• **PROBLEM TO WORK ON**
The reply must contain exactly the lines below from the one with "Pre Workout Focus (318g), Maçã Verde" down to the one with "سنگ فیروزه نیشابوری", both included, and nothing more; please omit the pictures.

• **RECORD SET**
BEGIN

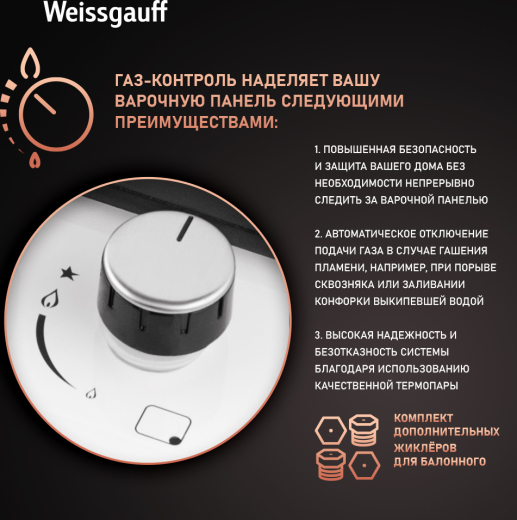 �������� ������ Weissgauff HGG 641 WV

END
BEGIN

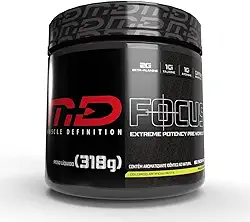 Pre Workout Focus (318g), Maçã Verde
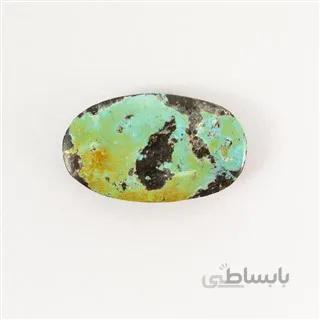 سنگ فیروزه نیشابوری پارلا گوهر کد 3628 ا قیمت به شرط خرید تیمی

END

• **RESPONSE BELOW**
 Pre Workout Focus (318g), Maçã Verde
 سنگ فیروزه نیشابوری پارلا گوهر کد 3628 ا قیمت به شرط خرید تیمی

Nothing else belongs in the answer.